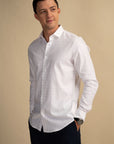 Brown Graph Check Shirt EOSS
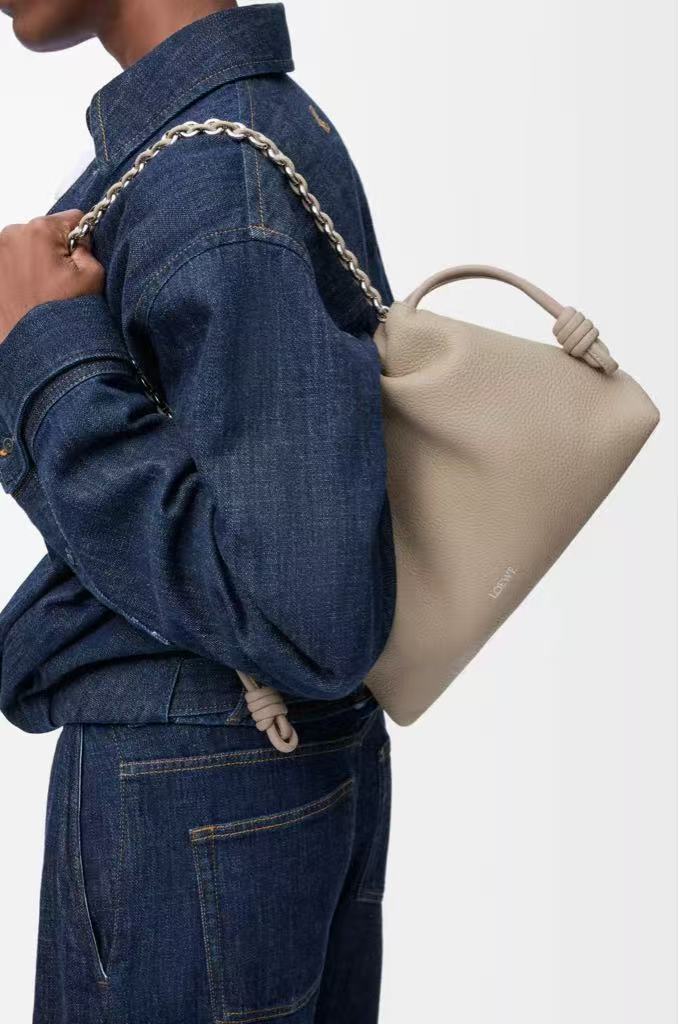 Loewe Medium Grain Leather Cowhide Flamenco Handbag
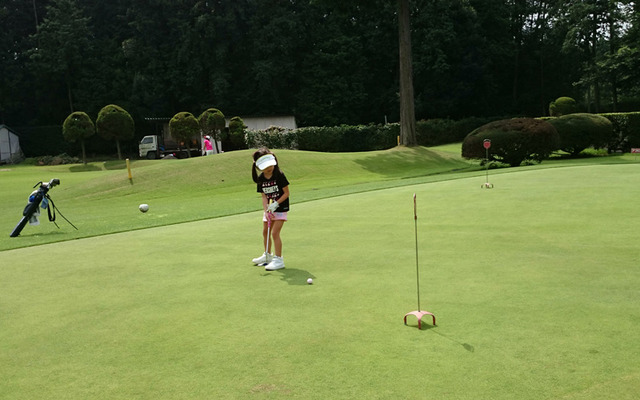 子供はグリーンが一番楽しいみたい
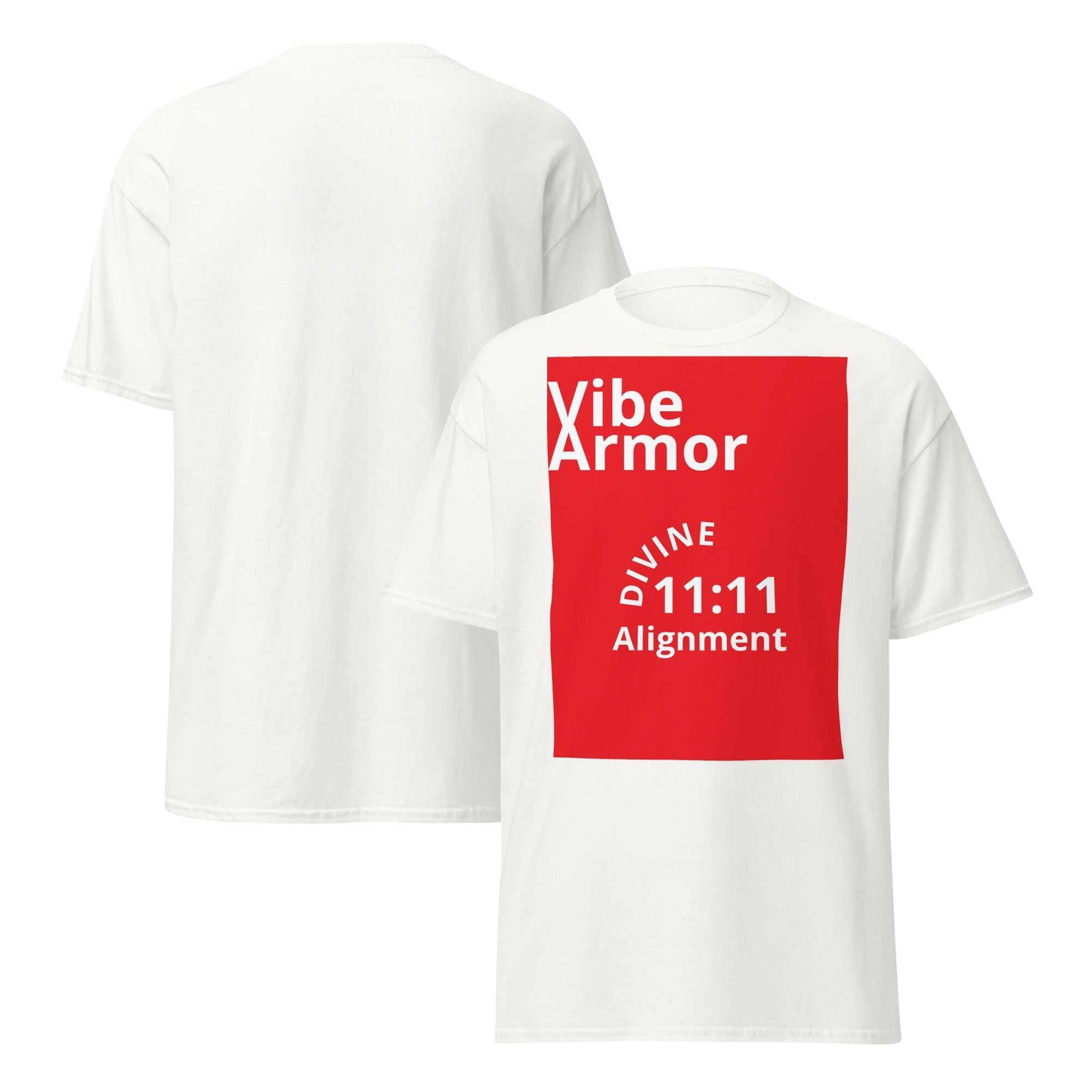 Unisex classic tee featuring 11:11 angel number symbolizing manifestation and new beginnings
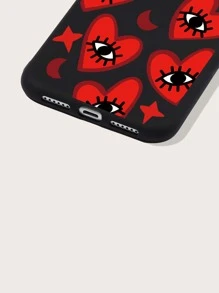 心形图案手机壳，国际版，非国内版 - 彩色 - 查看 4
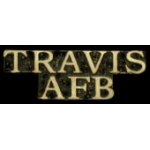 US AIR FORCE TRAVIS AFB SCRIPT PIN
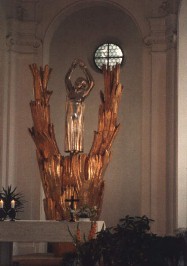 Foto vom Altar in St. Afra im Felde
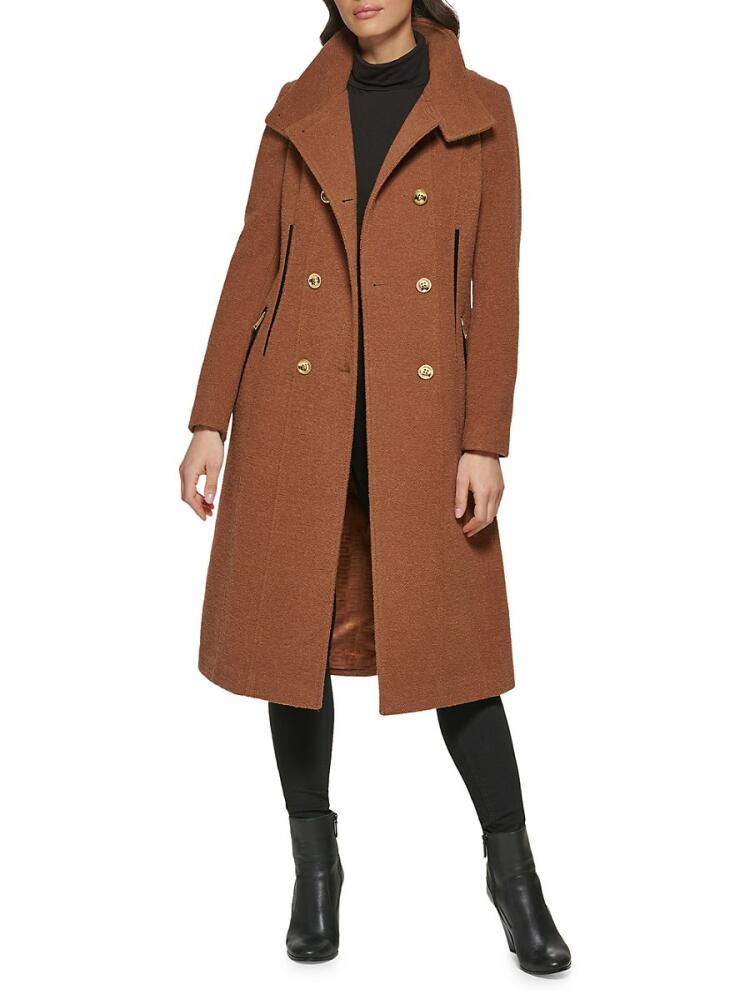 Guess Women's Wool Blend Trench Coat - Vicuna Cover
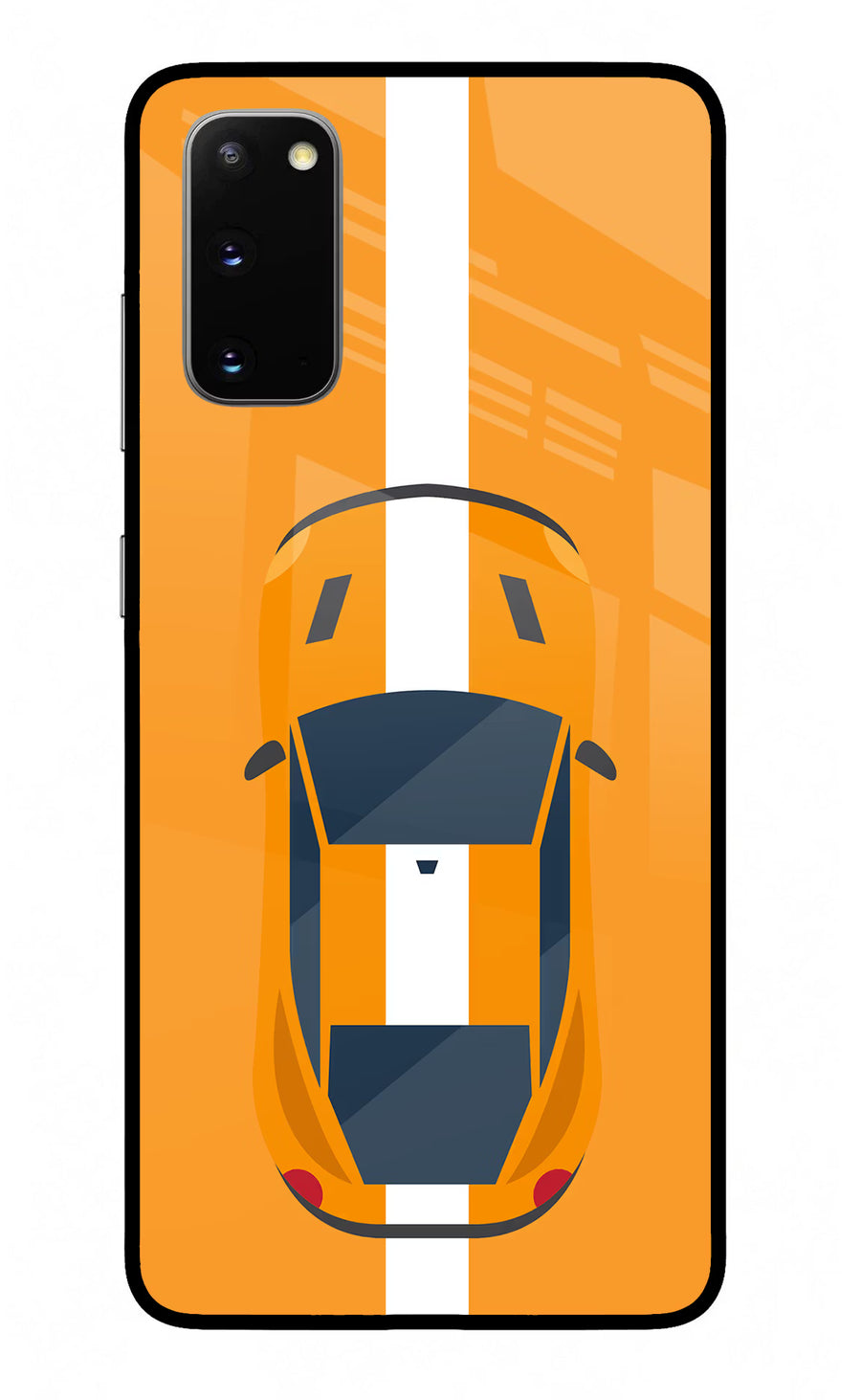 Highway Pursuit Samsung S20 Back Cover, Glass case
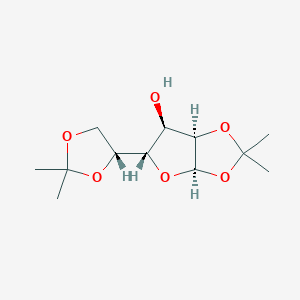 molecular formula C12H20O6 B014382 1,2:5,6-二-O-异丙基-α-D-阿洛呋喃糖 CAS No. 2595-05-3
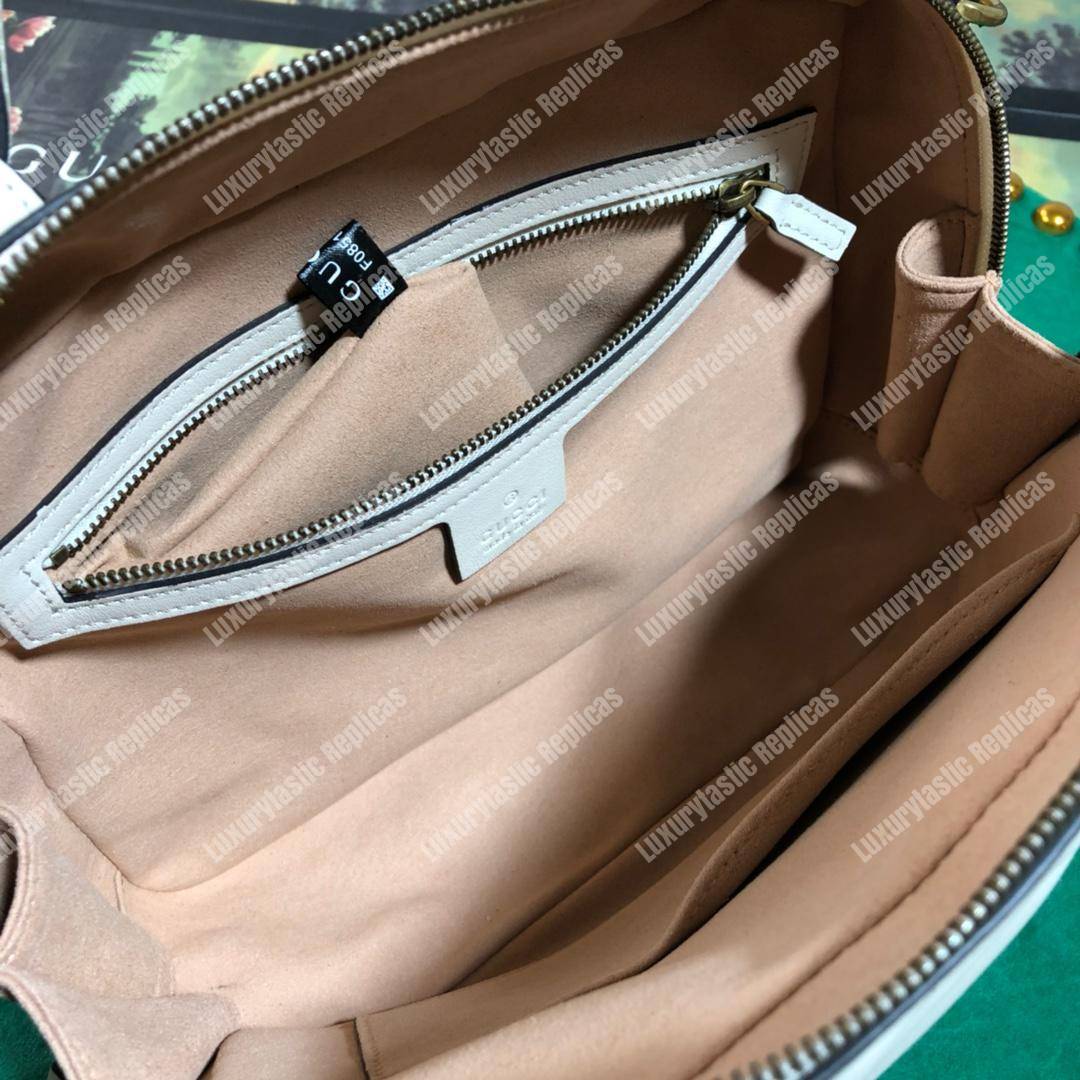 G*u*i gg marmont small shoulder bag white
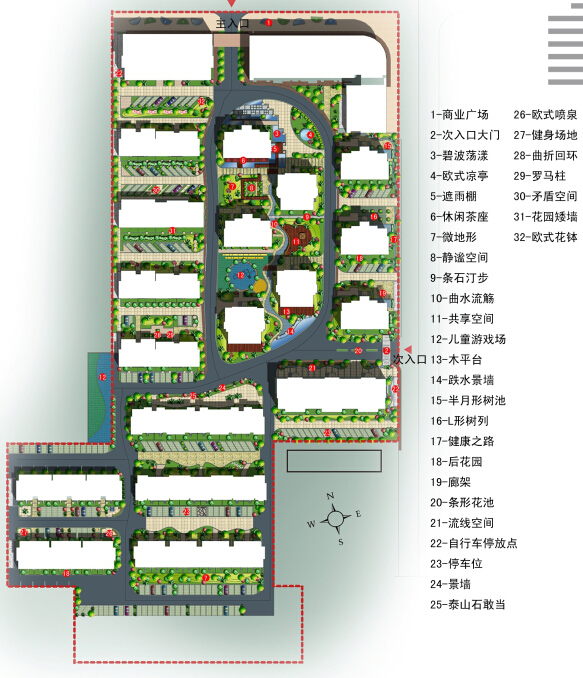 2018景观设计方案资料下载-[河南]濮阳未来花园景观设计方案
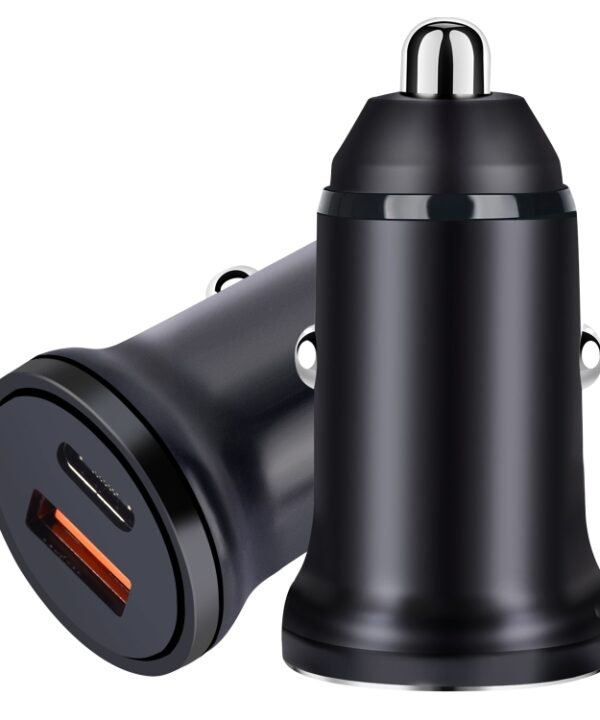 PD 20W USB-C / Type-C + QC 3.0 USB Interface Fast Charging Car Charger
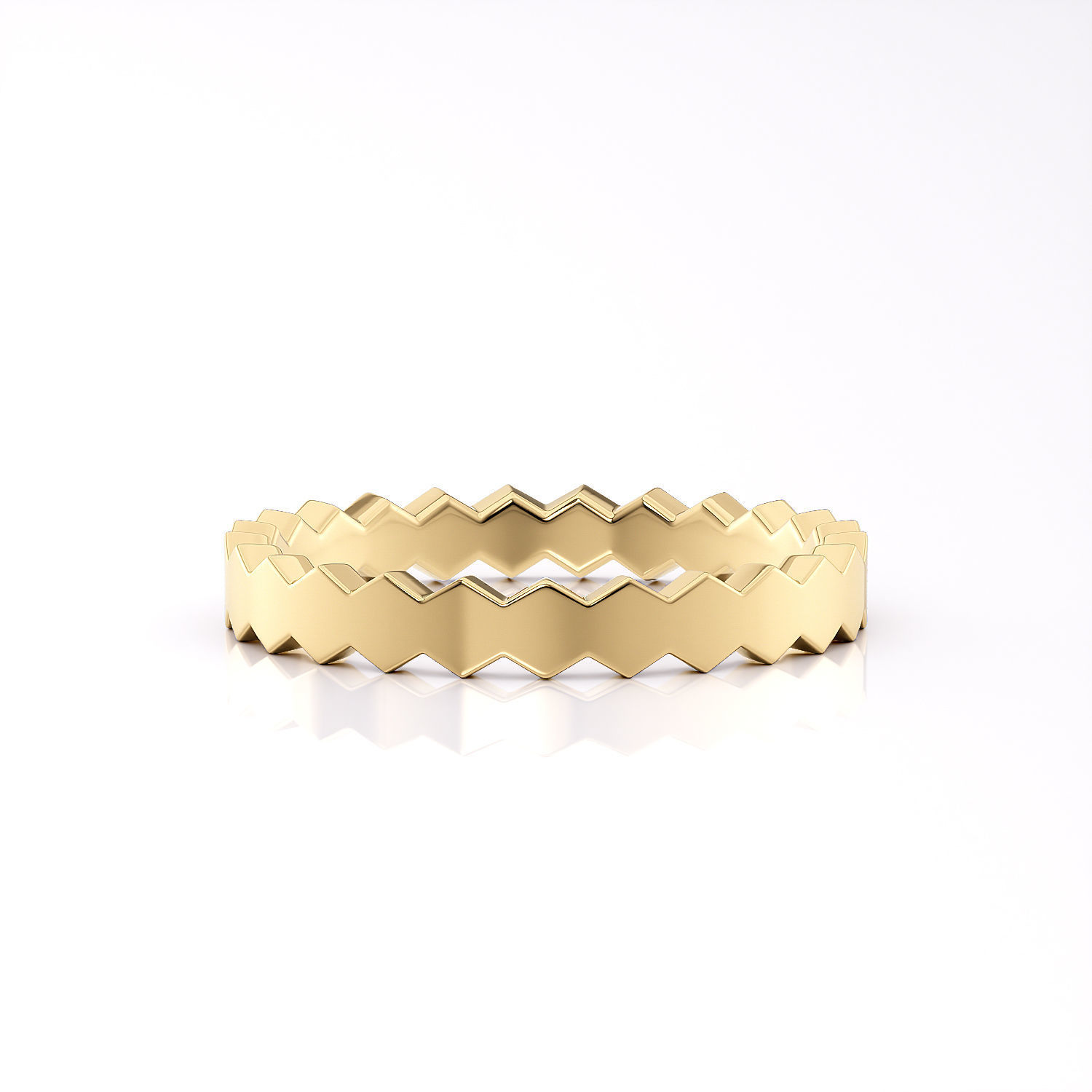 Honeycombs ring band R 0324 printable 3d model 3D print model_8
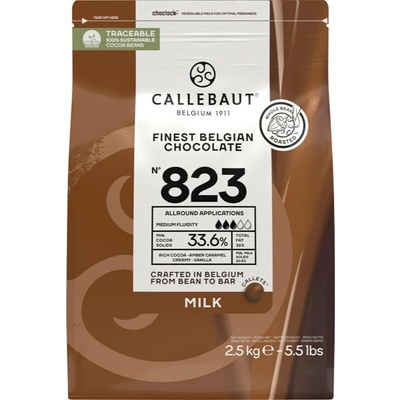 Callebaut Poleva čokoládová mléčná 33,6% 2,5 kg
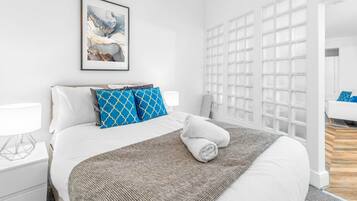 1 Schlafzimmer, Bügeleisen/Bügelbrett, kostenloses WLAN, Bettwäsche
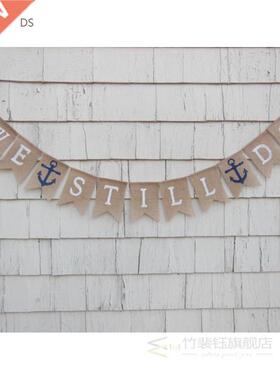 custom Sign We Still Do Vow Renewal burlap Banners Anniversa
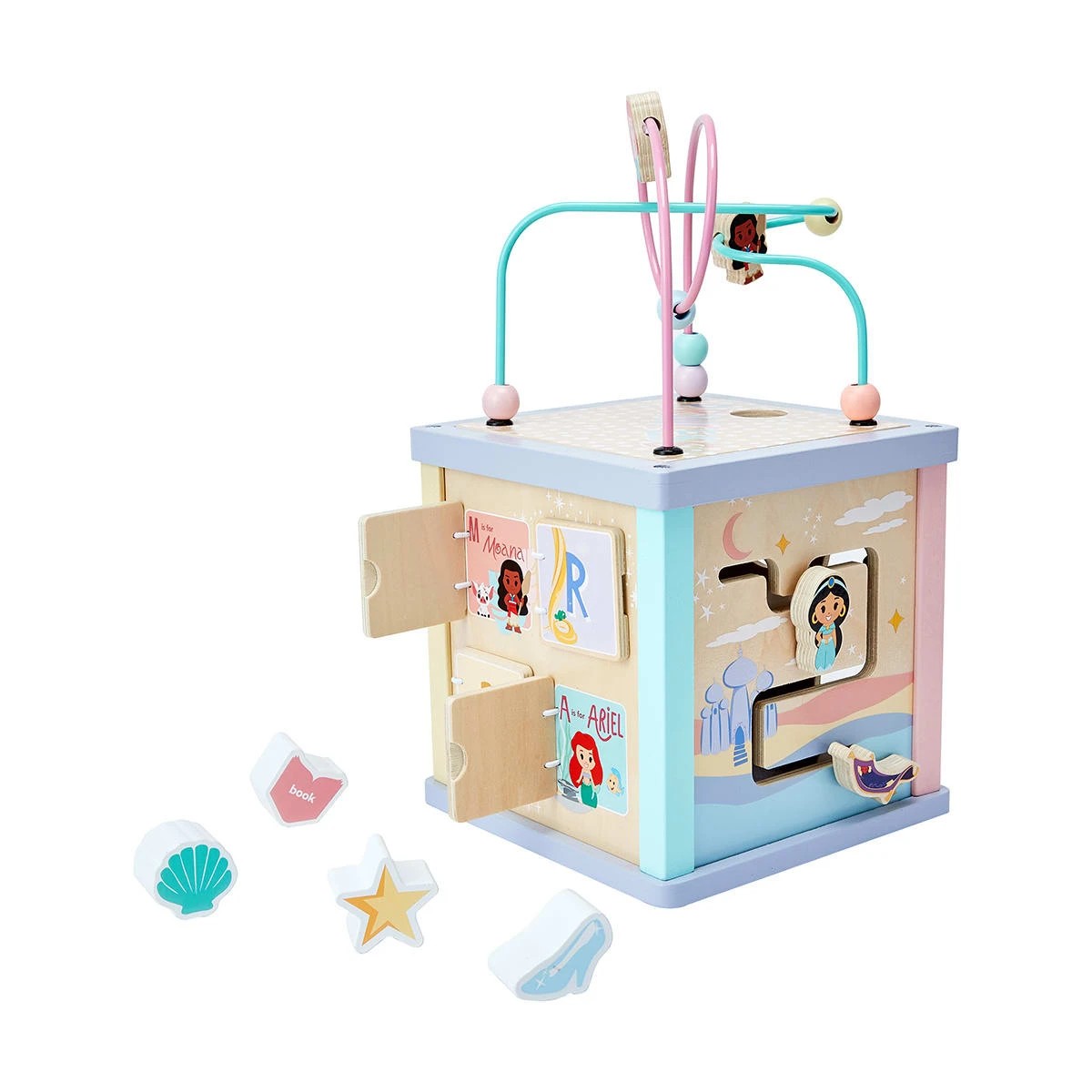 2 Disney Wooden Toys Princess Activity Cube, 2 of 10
____________
Output all of the records exactly as they appear above, but not the pictures.

Answer space:
 Brown Graph Check Shirt EOSS
 Loewe Medium Grain Leather Cowhide Flamenco Handbag
 子供はグリーンが一番楽しいみたい
 Unisex classic tee featuring 11:11 angel number symbolizing manifestation and new beginnings
 心形图案手机壳，国际版，非国内版 - 彩色 - 查看 4
 US AIR FORCE TRAVIS AFB SCRIPT PIN
 Foto vom Altar in St. Afra im Felde
 Guess Women's Wool Blend Trench Coat - Vicuna Cover
 Highway Pursuit Samsung S20 Back Cover, Glass case
 molecular formula C12H20O6 B014382 1,2:5,6-二-O-异丙基-α-D-阿洛呋喃糖 CAS No. 2595-05-3
 G*u*i gg marmont small shoulder bag white
 2018景观设计方案资料下载-[河南]濮阳未来花园景观设计方案
 PD 20W USB-C / Type-C + QC 3.0 USB Interface Fast Charging Car Charger
 Honeycombs ring band R 0324 printable 3d model 3D print model_8
 Callebaut Poleva čokoládová mléčná 33,6% 2,5 kg
 1 Schlafzimmer, Bügeleisen/Bügelbrett, kostenloses WLAN, Bettwäsche
 custom Sign We Still Do Vow Renewal burlap Banners Anniversa
 2 Disney Wooden Toys Princess Activity Cube, 2 of 10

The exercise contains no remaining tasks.